PROBLEM DESCRIPTION: For this exercise, write out only the lines of the entries below from the one with "Shop Versace Barocco" up to and including the one with "Miniatura 3 de", exactly as they are. Pictures stay out.

RECORD EXCERPTS:
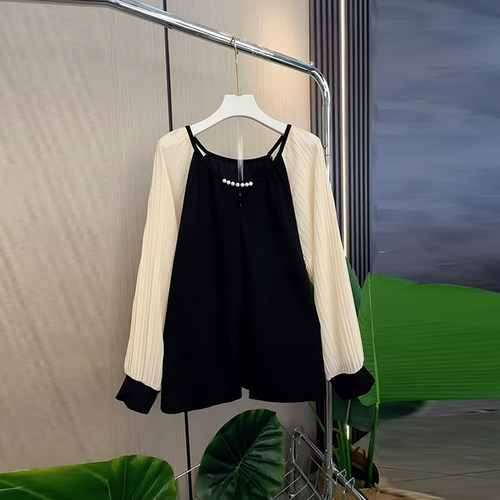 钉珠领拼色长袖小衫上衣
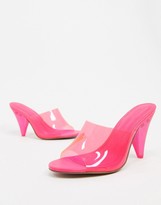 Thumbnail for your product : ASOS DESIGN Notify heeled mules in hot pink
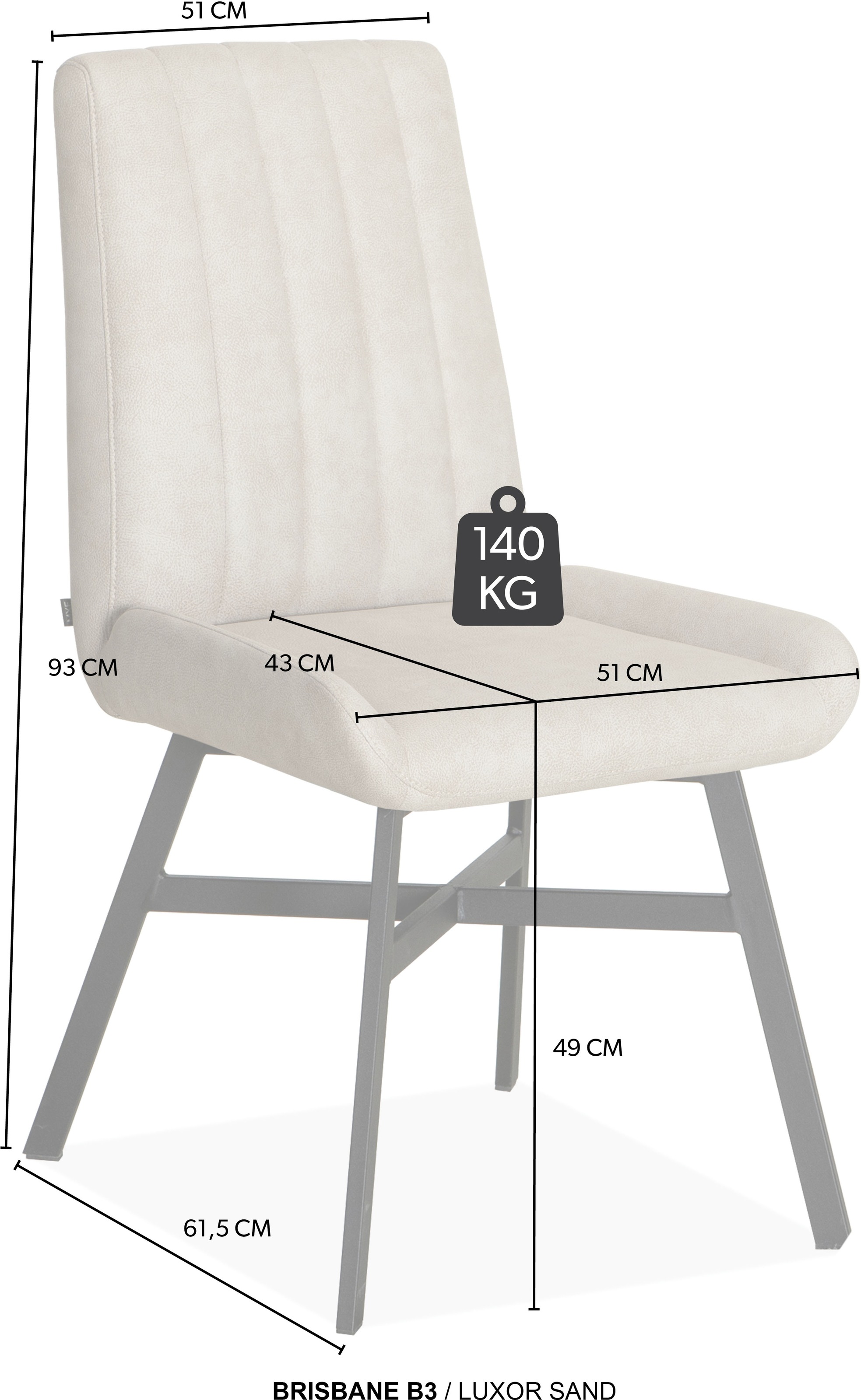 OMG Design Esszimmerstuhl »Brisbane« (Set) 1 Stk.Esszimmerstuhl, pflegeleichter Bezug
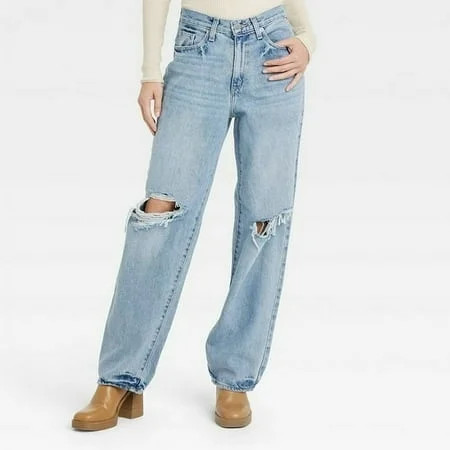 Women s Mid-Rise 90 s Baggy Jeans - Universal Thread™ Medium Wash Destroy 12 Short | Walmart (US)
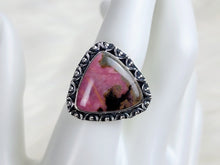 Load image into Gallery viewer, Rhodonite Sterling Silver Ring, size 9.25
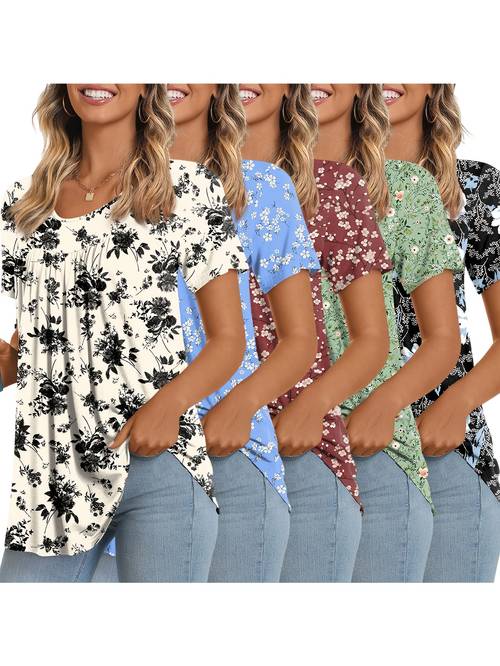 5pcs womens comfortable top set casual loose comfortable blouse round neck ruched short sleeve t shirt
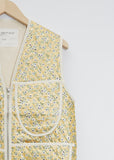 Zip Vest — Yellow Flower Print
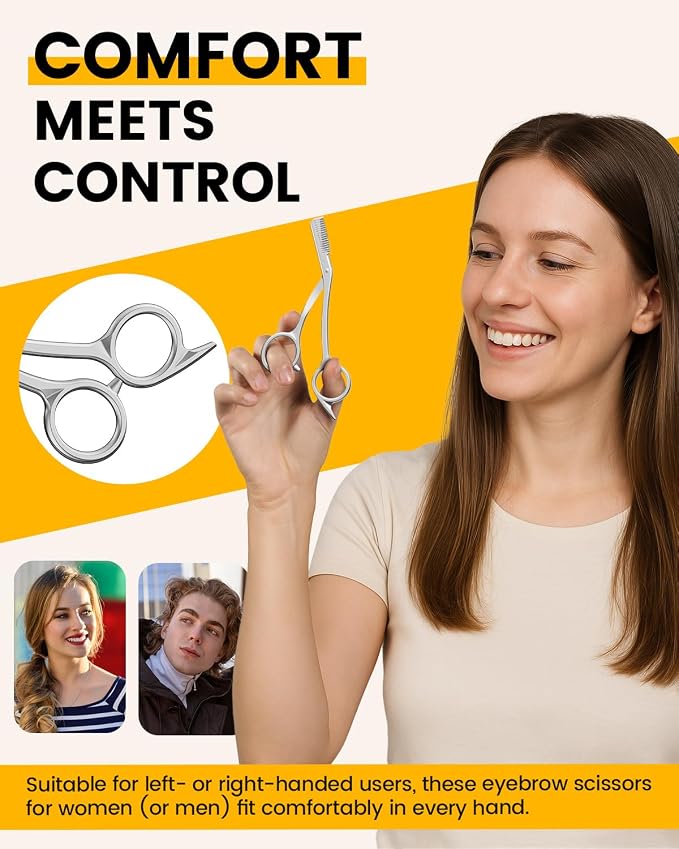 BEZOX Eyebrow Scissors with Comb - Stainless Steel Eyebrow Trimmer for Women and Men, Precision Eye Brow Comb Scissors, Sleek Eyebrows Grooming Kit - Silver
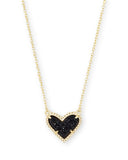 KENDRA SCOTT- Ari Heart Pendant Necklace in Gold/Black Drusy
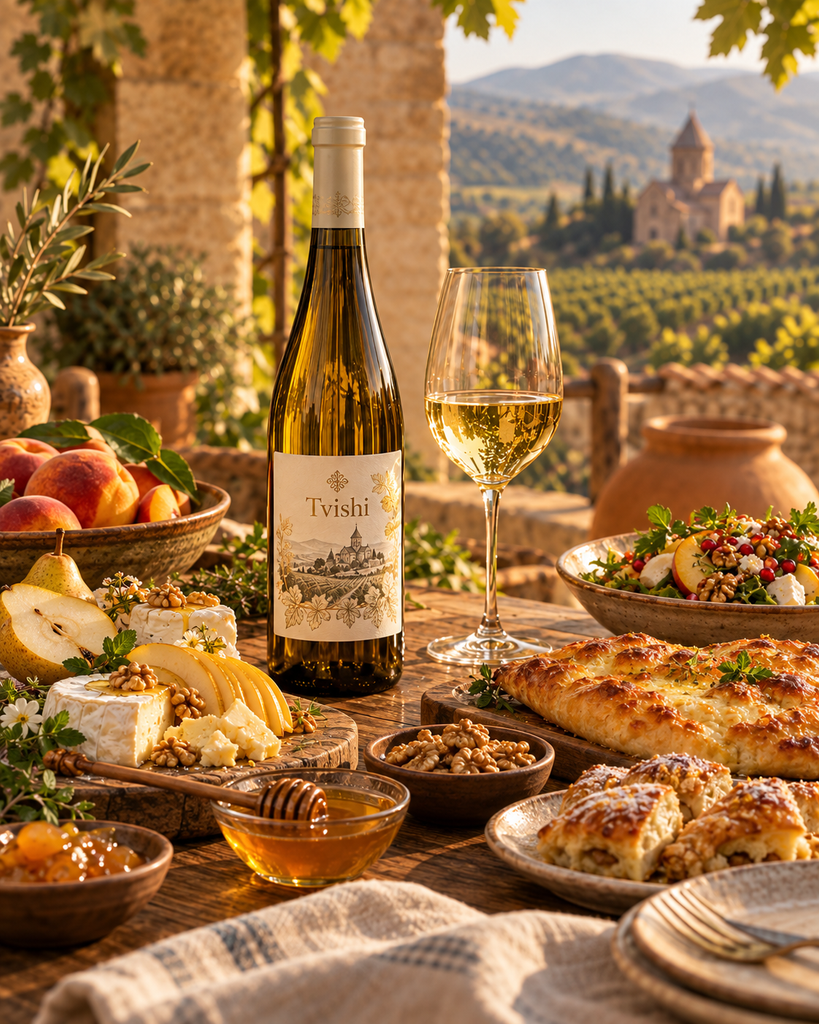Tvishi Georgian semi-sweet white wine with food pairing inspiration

* * *

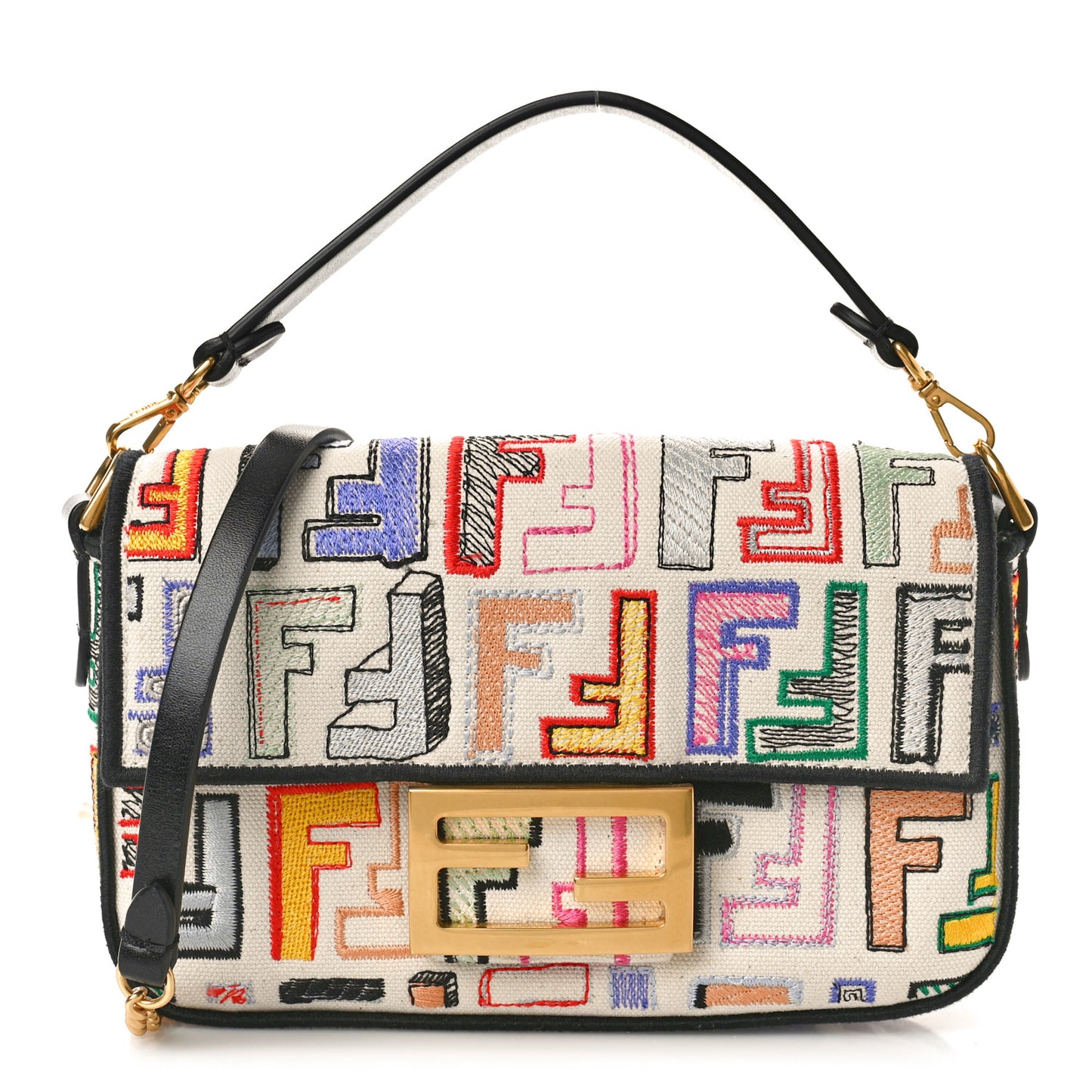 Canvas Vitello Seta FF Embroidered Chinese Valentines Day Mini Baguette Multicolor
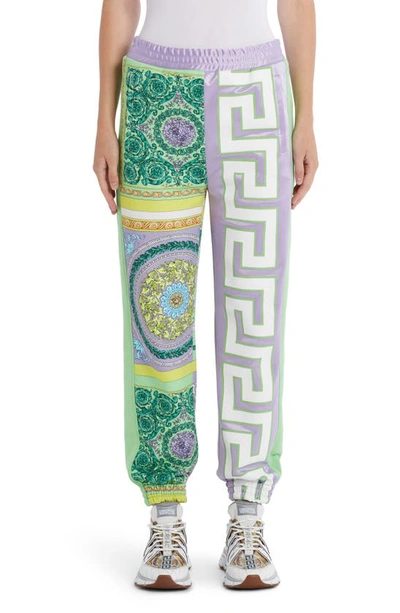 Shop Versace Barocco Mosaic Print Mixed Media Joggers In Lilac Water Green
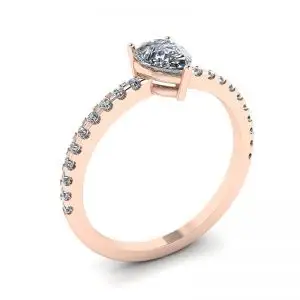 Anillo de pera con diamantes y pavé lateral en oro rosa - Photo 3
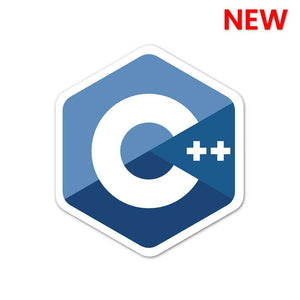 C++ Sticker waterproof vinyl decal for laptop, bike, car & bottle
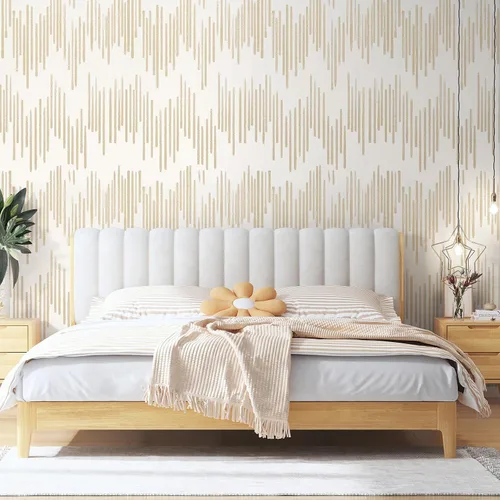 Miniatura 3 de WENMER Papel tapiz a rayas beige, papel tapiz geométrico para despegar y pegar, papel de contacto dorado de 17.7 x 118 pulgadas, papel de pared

RESPONSE:
 Shop Versace Barocco Mosaic Print Mixed Media Joggers In Lilac Water Green
 Anillo de pera con diamantes y pavé lateral en oro rosa - Photo 3
 C++ Sticker waterproof vinyl decal for laptop, bike, car & bottle
 Miniatura 3 de WENMER Papel tapiz a rayas beige, papel tapiz geométrico para despegar y pegar, papel de contacto dorado de 17.7 x 118 pulgadas, papel de pared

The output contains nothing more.